Note:  This author DESPISES TLAs=three letter acronyms.  In many cases, the TLA used in a presentation/talk is much more recognizable in another industry, e.g. ADC =Analog to Digital Converter, rather than Application Delivery Controller.  Hence, I’ve tried to spell out most acronyms in this and the preceeding article on the NFV conference.  It takes a lot of effort as I’m not familiar with most of the TLAs used glibly by speakers.

Kolias said that the migration from network hardware to software based virtual appliances won’t be easy.  Decoupling NVFs from underlying hardware presents management challenges: services to NFV mapping, instantiating VNFs, allocating and scaling resources to VNFs, monitoring VNFs, support of physical/software resources.

NFV components in a virtualized telco DC might include:  server virtualization, management and orchestration of functions & services,  service composition, automation, and scaling (up and/or down according to network load).   There are lots of servers, storage elements, and L2/L3 switches in such a DC.  There’s also:  security hardware (firewalls, IDS/IPS), load balancers, IP NAT, ADC, monitoring, etc.

NFV in the Data Center will be more energy efficient, according to Kolias.  “It’s  the greenest choice for an operator,” Christos said.   With many fewer hardware boxes, NFV can bring the most energy efficiency to a data center (less energy consumed and lower cooling requirements).  That’s a top consideration for those massively power-hungry DC facilities. “You have to dispose of telecom hardware, but when we move things into software, it becomes more eco-friendly,” Kolias said.   “So yes, there is absolutely a fit for NFV in the Data Center,” he concluded.

Christos thinks it’s probably easier and faster to implement NFV in a telco DC, because there’s less compliance/ regulation and it’s a less complex environment – both technically and operationally.

Service chaining was referred to as “service composition and insertion,” with policies determining the chain order.  Customized service chains are possible with NFV, Kolias added.
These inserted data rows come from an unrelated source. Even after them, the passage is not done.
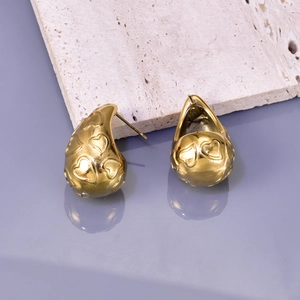 French vintage style 18K gold plated heart embossed stainless steel teardrop earrings
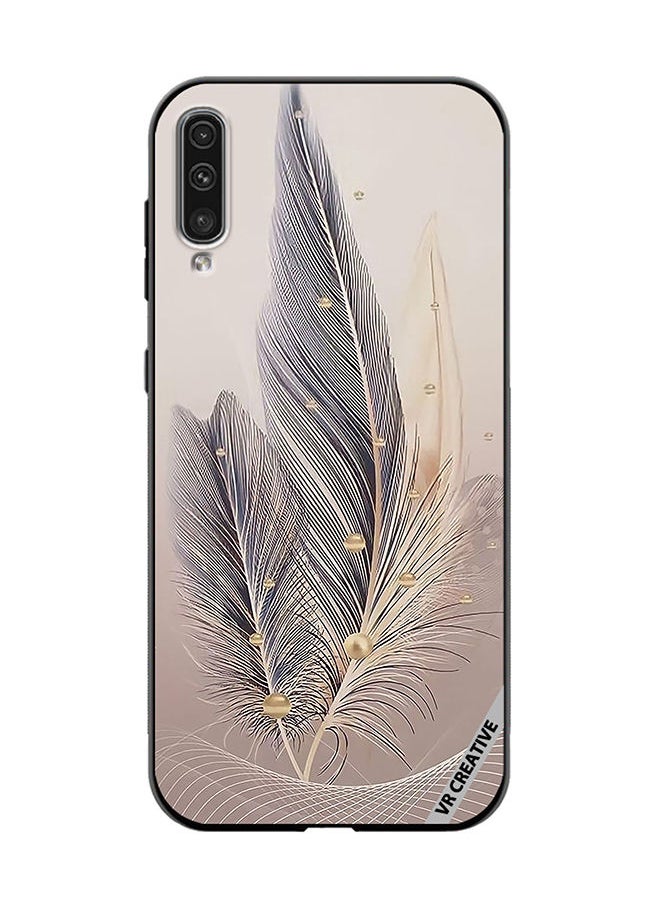 VR CREATIVE Protective Case Cover For Samsung Galaxy A70/A70s Feather Leaf Art Design Multicolour  - Image 1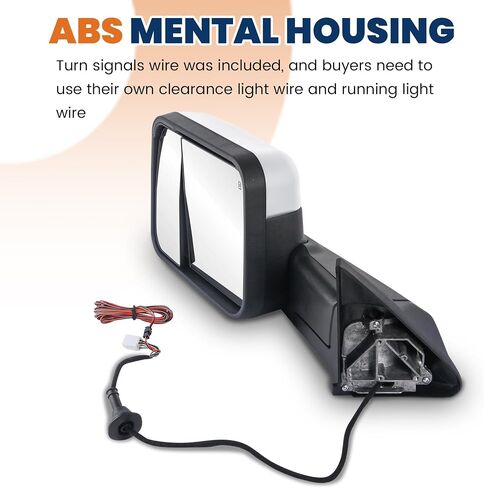Towing Mirrors Power Heated Pair Manual Folding Mirror Compatible for 1998 1999 2000 2001 Dodge Ram 1500 2500 3500 | 2002 Ram 2500 3500 w/Red Led Turn Signal/Chrome in Saudi Arabia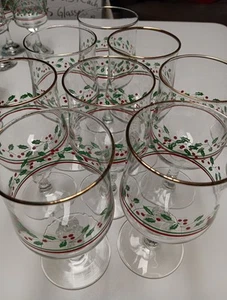 Vintage 1986 Libby’s Arby’s Weihnachten Stechpalme & Beeren Weingläser 8er Set - Bild 1 von 9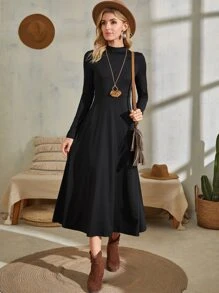 EMERY ROSE Solid Mock Neck A-line Dress - Black - View 3
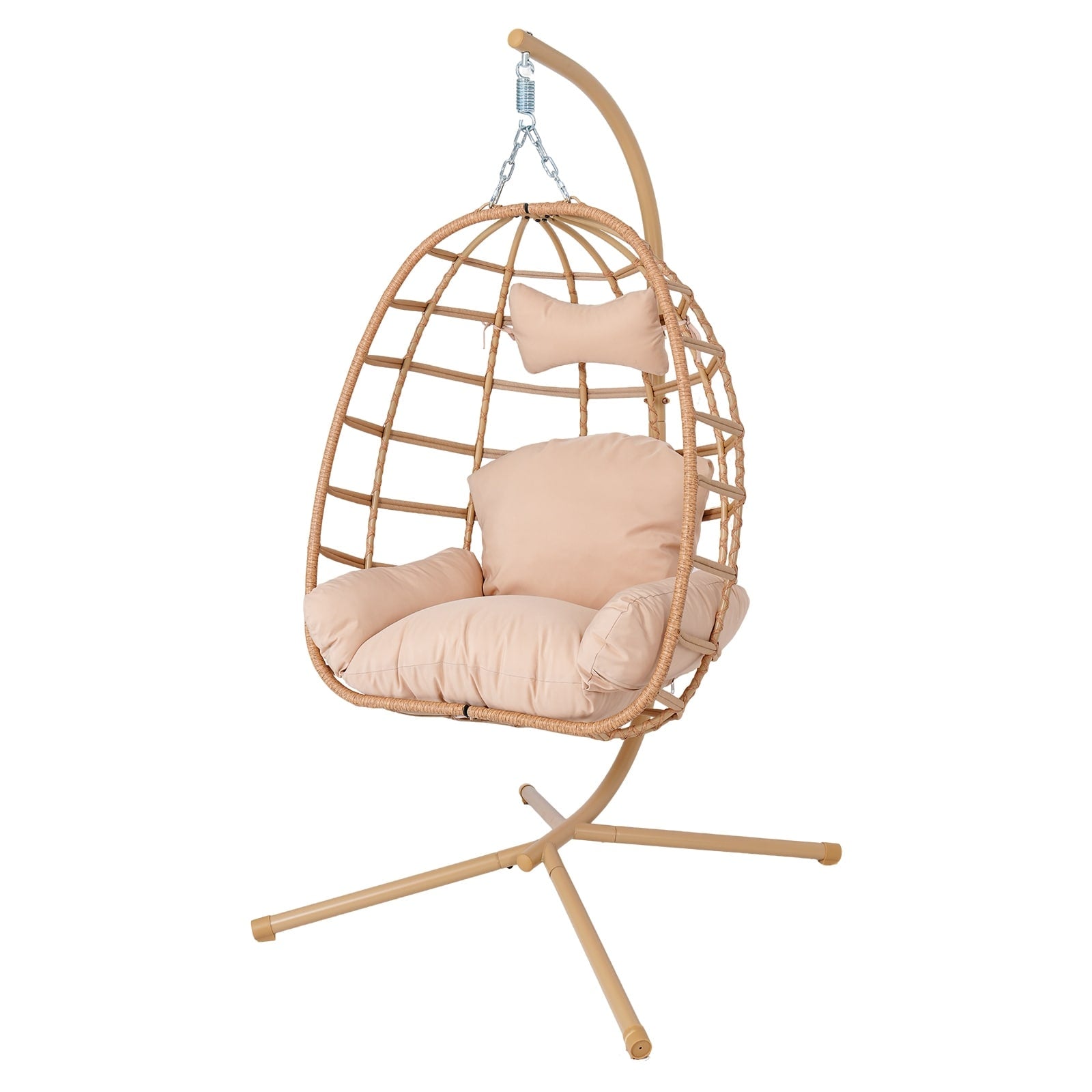 Egg Chair With Stand Indoor Outdoor Pe Rattan Hanging Swing Chair With Heavy Duty Double Rope Washable Cushion 350Lbs Capacity
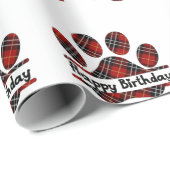 Birthday Tartan Play Pout Afdrukken in wit Cadeaupapier (Rol Hoek)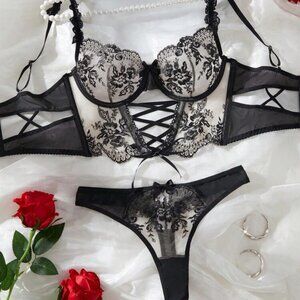 NEW Shein 2pc Mesh Contrast Lingerie Set Black Size XS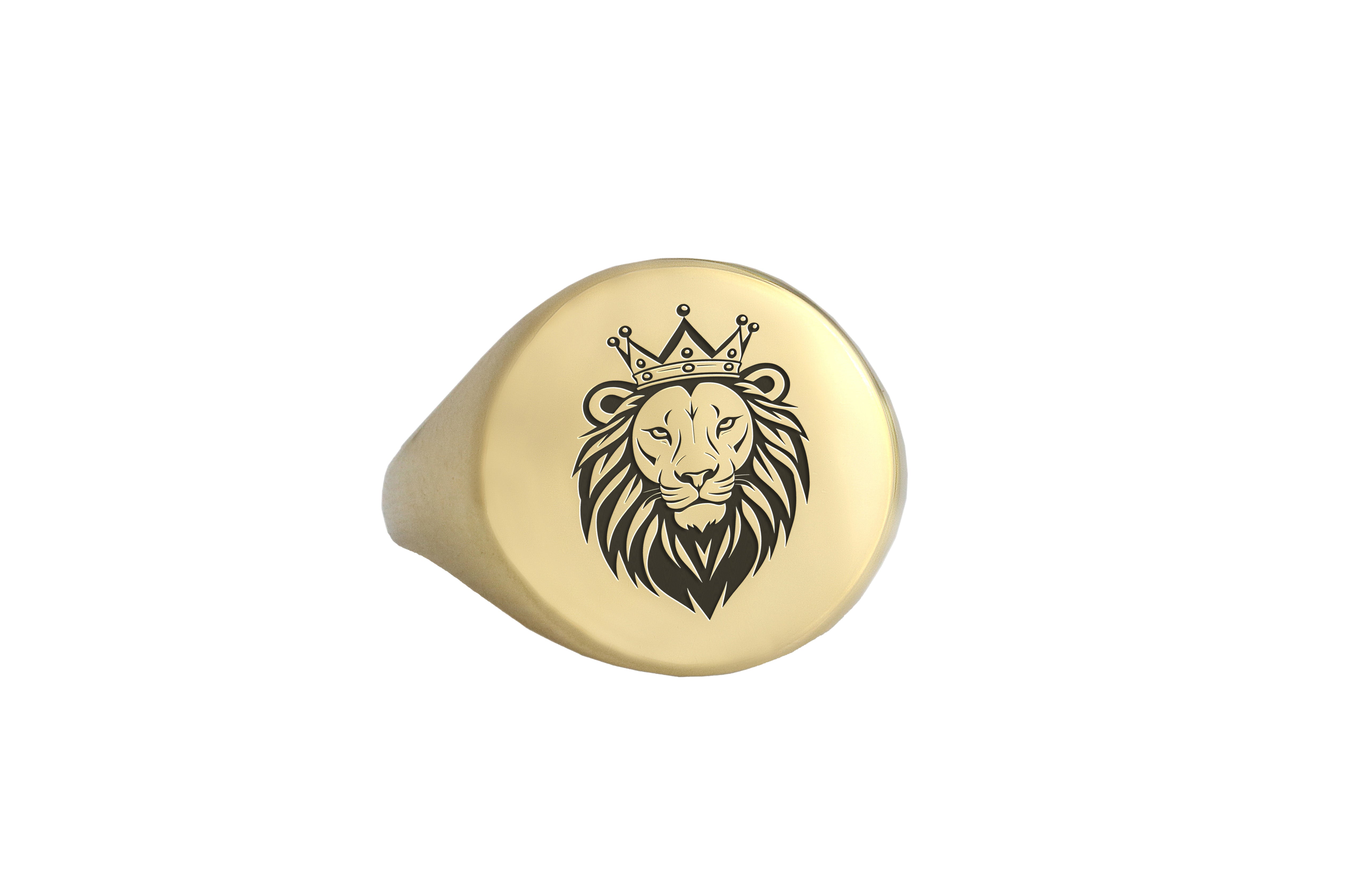 Gold Lion Crown Signet Ring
Ad-hoc, on-demand, secure virtual tenant networks are also possible.  For example, tunnels/overlays using the VxLAN protocol (spec from Arista, VMWare and Juniper).

Kolias also cited other benefits of “cloudification” — a term he admittedly hates. “For example, consolidating multiple physical network infrastructures in a cloud-based EPC (LTE Evolved Packet Core) can lead to less complexity in the network and produce better scalability and flexibility for service providers in support of new business models,” he noted.

Several other important points Christos made about NFV in the telco DC:

1. Virtual switches can be key functional blocks for management of multiple virtual switches and for programmable service chains.

2.  The Control plane could become part of management and orchestration in a unified, policy-based management platform, e.g. OpenStack. 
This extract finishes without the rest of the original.